Do czego się więc nadaje po odejściu z polityki?

- Jestem teraz za menedżera i księgową, ale u swoich synów, którzy firmę prowadzą. Mam się dobrze. Nie narzekam - wybucha śmiechem na powitanie. I zaraz już poważniej dodaje, że teraz trapią ją tylko kłopoty z sercem. Po schodach nie może wchodzić. Ale na parlamentarne jeszcze by weszła. Bo jeśli chodzi o politykę, to nie powiedziała ostatniego słowa. Partia Regionów, którą - po opuszczeniu Samoobrony - założyła razem z Krzysztofem Filipkiem, przymierza się do wyborów. Tylko oni z Filipkiem nie wiedzą jeszcze, z kim pójdą w koalicji.

- Nie ukrywam, że o nas wiele partii zabiega - twierdzi. A na moje zdziwienie odpowiada: A co w tym dziwnego? Niektórzy bardzo by chcieli mieć taką Hojarską czy Filipka u siebie.
Po swoim terenie chodzi więc z podniesioną głową. Ludzie się jej kłaniają, bo pamiętają, że wiele rzeczy udało jej się zrobić - zapewnia.

- Na ostatnich imieninach Danuty gościłam 60 osób. Byli różni prezesi i dyrektorzy. Ale nazwisk nie podam, bo może by sobie nie życzyli. W Warszawie też mnie rozpoznają. Na Stadionie Dziesięciolecia, na którym lubiłam robić zakupy, zaczepiła mnie niedawno dziewczyna z Białorusi. Mówiła: Boże, jak pani teraz brakuje w telewizji - opowiada Hojarska. I zaraz dodaje: Ja i tak jestem na okrągło u tego Szymona Majewskiego.

Jeszcze niedawno procesowała się z nim o to, że jej sobowtór w "Rozmowach w tłoku" ma owłosioną klatkę piersiową. Teraz jej to nie przeszkadza. Jak to tłumaczy?

- Dystans mam do tego większy, a poza tym ludzie mi mówią, że on mnie teraz w lepszym świetle pokazuje.
Niczego, jeśli chodzi o politykę, jej nie brakuje. A już na pewno nie tych kamer.

- Ja się przed kamery nie pchałam. Czy jak Leppera pokazywali, to widziała pani, żeby Danka Hojarska gdzieś blisko niego stała? Były osoby, które mu po piętach deptały, żeby się tylko pokazać. Ale ja wiedziałam, że jak kamera mnie potrzebuje, to zawsze znajdzie. Pieniądze? A czy one były tak naprawdę duże? Wiele osób krzyczy, że dostawaliśmy po 30 tysięcy.
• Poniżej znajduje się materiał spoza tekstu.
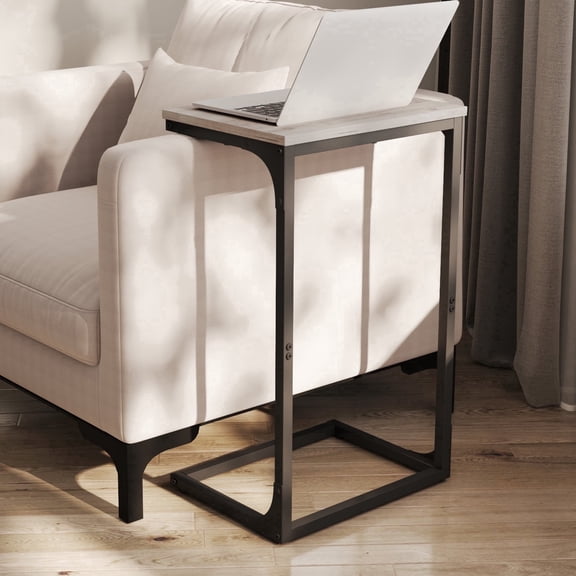 LEDREM Slim C‑Shaped Side Table, Slide Under Sofa & Bed, Stable Steel Frame, 26.2” Height, Compact Space-Saving Bedside Table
A myśmy na rękę otrzymywali tylko siedem tysięcy. Więc czy to było dużo?

Trzeba było odmówić?

Anna Fotyga - jeszcze do niedawna ozdoba kancelarii Lecha Kaczyńskiego, wcześniej szefowa dyplomacji i - także - gwiazda satyrycznych "Rozmów w tłoku", teraz ukrywa się przed światem. Nie tylko tym politycznym. Nawet sąsiedzi rzadko byłą minister oglądają.
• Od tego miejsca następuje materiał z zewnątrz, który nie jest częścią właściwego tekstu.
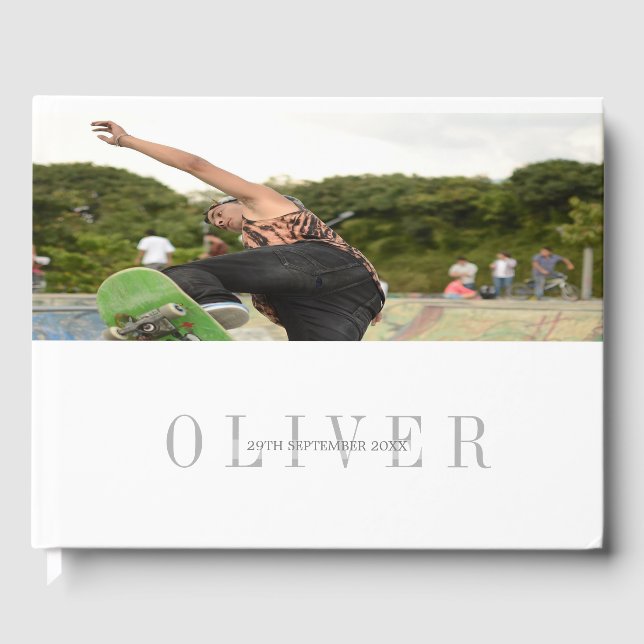 Livro De Visitas Monograma Foto pessoal Bar moderno Mitzvah (Frente)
Kiedy dzwonię do niej do domu, telefon odbiera syn. Najpierw prosi, żeby poczekać, a po minucie odpowiada, że nie może połączyć, ponieważ Anny Fotygi nie ma.

Jedna z posłanek, po zastrzeżeniu sobie anonimowości, twarde lądowanie ważnych figur politycznych kwituje tak:
- Jak ktoś był nikim, idąc do polityki, to nikim zostaje po wyjściu z niej.

Jej zdaniem, Fotyga złamała sobie karierę, składając mandat europosła i przyjmując stanowisko szefa MSZ w rządzie Prawa i Sprawiedliwości. Gdyby została w Strasburgu, miałaby piękny dodatek do emerytury i, jak na nasze stosunki, byłaby nieźle urządzona. A tak pozostaje jej tylko ładna przygoda, opatrzona hasłem, że "Lechowi się nie odmawia".

Poseł Jacek Kurski jednak radzi się nie martwić o partyjną koleżankę. Jego zdaniem, była minister ma się całkiem dobrze.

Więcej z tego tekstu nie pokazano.